De son côté, la Côte d’Ivoire profite de l’accalmie relative consécutive aux accords de Ouagadougou. Pour la première fois depuis 2001, sa croissance (2,3 % en 2008) dépasse la barre des 2 %. Les perspectives sont directement liées à la stabilisation politique avec en ligne de mire les prochaines échéances électorales. Pour le FMI, le PIB ivoirien oscillera entre 4 % et 5 % en 2010 et 2011.

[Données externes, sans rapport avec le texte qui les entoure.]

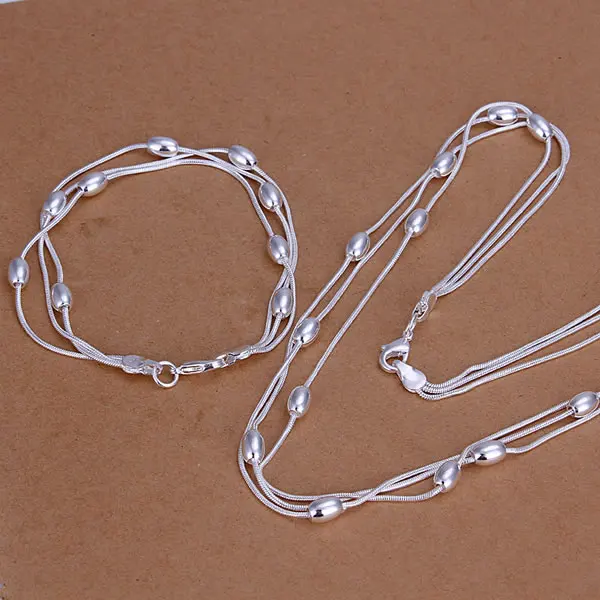 

S140 free shipping 925 silver jewelry set, fashion jewelry set Egg Shape Triple Strands Bracelet Necklace Jewelry Set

Ces performances relativement satisfaisantes reposent en partie sur un regain de vitalité du secteur agricole. C’est le cas des cultures vivrières grâce à une bonne pluviométrie lors de la campagne 2008-2009, et aux actions publiques destinées à limiter l’effet de la flambée des prix des denrées alimentaires, notamment après les « émeutes de la faim » qui ont secoué un certain nombre de pays de la sous-région en début d’année 2008. Le Sénégal fait d’ailleurs très fort avec un bond de 145 % pour la production de maïs et de 123,4 % pour le mil et le sorgho. Outre la bonne conjoncture climatique, la performance sénégalaise s’explique aussi par la Goana (Grande Offensive agricole pour la nourriture et l’abondance), lancée par les autorités en avril 2008 et dont le coût est estimé à 344,7 milliards de F CFA. Toutefois, après le coup de fouet initial, les résultats de la saison 2009-2010 donneront des indications sur l’effet de la Goana sur la durée. « On peut déjà dire que la tendance sera à la baisse », indique Cheikh Oumar Ba, coordonnateur adjoint de l’Initiative prospective agricole et rurale (Ipar).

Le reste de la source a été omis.